• _DATA UNDER STUDY_:
··········

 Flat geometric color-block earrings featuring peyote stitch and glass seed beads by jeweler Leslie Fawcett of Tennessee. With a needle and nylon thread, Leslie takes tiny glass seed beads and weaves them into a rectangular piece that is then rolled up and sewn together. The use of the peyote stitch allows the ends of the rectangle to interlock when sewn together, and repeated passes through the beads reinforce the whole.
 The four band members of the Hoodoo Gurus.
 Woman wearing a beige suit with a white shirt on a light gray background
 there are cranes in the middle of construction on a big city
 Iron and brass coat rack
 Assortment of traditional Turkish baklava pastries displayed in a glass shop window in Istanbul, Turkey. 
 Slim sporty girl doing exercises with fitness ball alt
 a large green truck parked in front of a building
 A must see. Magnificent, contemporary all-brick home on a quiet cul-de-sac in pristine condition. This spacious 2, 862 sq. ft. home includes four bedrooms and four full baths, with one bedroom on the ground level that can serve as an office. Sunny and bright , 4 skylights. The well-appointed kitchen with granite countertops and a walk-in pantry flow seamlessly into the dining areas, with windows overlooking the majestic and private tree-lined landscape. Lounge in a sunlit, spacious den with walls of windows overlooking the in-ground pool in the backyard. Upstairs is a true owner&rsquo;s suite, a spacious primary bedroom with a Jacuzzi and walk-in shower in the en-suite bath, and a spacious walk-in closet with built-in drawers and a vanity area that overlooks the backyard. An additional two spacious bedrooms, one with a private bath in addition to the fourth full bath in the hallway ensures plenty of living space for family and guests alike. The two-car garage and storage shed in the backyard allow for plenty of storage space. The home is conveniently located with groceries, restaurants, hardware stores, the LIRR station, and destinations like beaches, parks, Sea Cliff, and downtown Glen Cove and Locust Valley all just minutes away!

··········

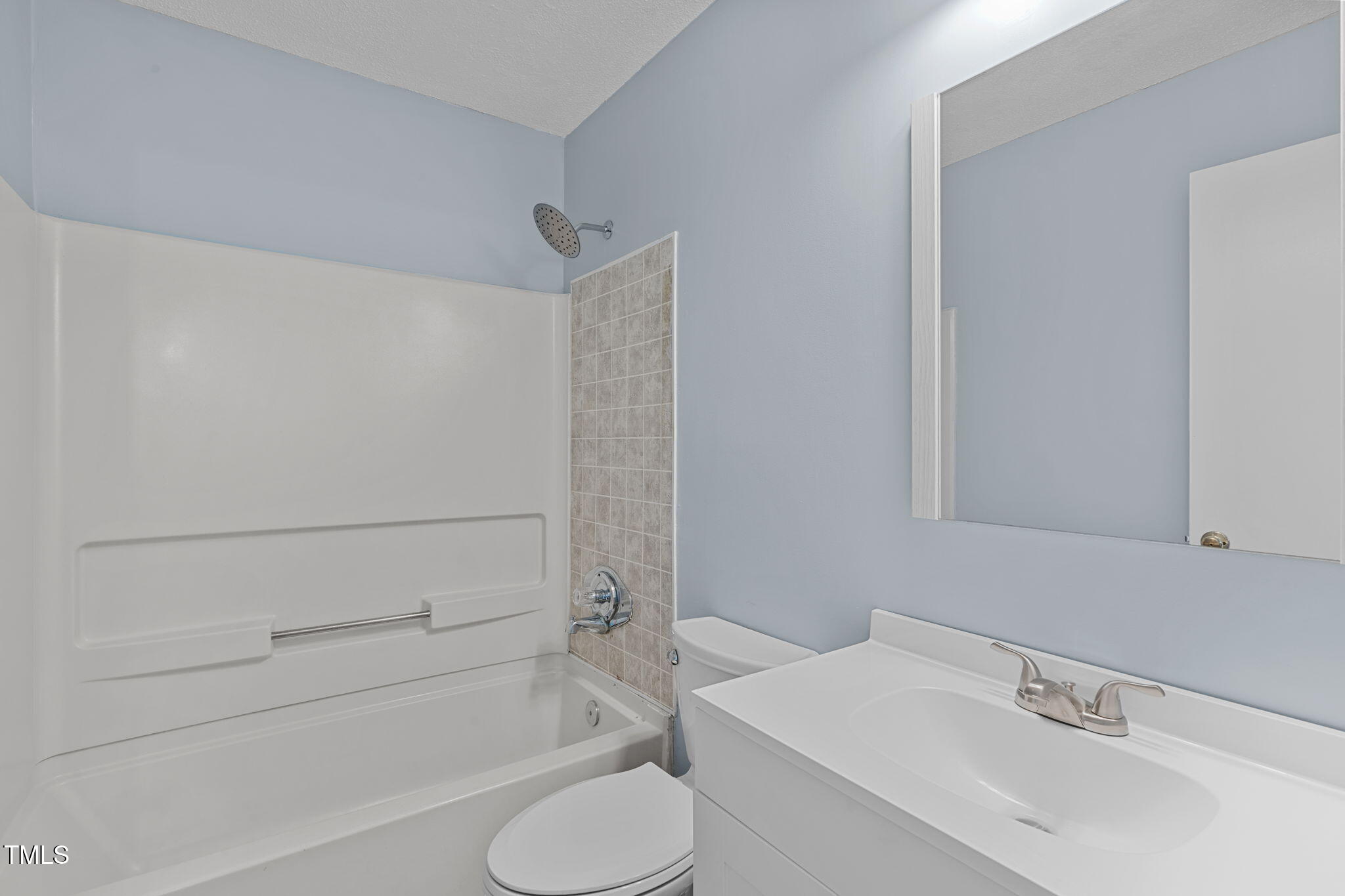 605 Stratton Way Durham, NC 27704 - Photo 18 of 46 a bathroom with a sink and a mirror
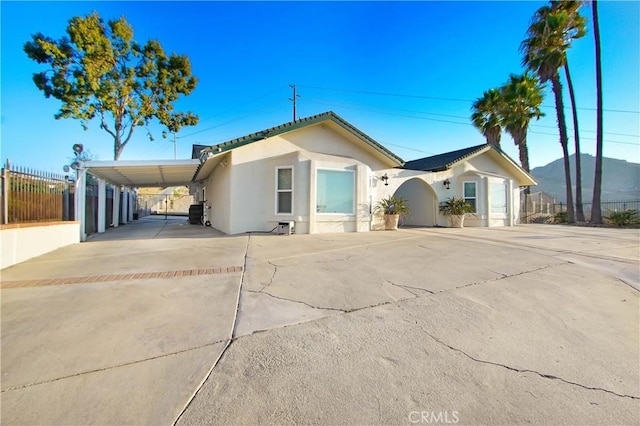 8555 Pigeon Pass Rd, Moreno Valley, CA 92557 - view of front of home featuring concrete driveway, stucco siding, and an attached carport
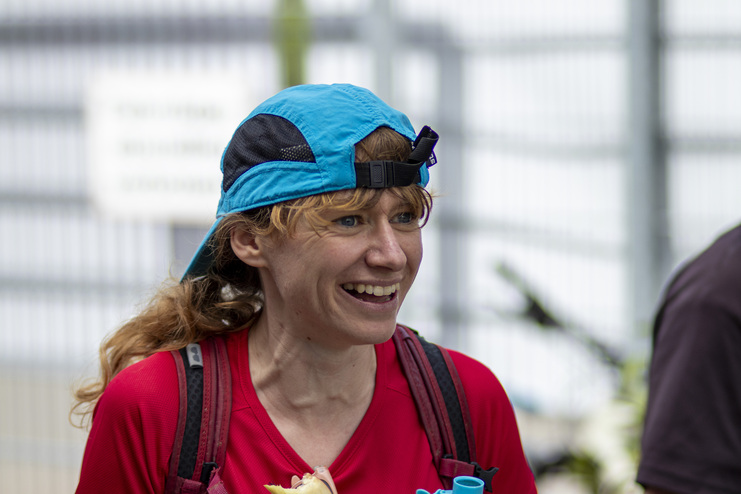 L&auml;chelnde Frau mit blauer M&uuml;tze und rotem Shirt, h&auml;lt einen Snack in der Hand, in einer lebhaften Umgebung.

··········

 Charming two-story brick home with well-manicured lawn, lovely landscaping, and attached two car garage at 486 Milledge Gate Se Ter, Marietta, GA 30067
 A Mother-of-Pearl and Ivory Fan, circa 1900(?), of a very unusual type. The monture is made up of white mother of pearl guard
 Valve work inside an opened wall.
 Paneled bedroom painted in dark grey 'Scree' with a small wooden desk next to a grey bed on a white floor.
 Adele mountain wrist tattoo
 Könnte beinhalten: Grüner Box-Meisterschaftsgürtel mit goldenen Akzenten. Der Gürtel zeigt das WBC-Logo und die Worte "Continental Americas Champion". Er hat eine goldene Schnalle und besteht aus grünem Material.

··········

• _WORK REQUEST_:
For this exercise, repeat exactly the lines of the data above from the one with "Valve work inside an opened wall." down to the one with "Könnte beinhalten: Grüner", both end lines included.

• _ANSWER AREA_:
 Valve work inside an opened wall.
 Paneled bedroom painted in dark grey 'Scree' with a small wooden desk next to a grey bed on a white floor.
 Adele mountain wrist tattoo
 Könnte beinhalten: Grüner Box-Meisterschaftsgürtel mit goldenen Akzenten. Der Gürtel zeigt das WBC-Logo und die Worte "Continental Americas Champion". Er hat eine goldene Schnalle und besteht aus grünem Material.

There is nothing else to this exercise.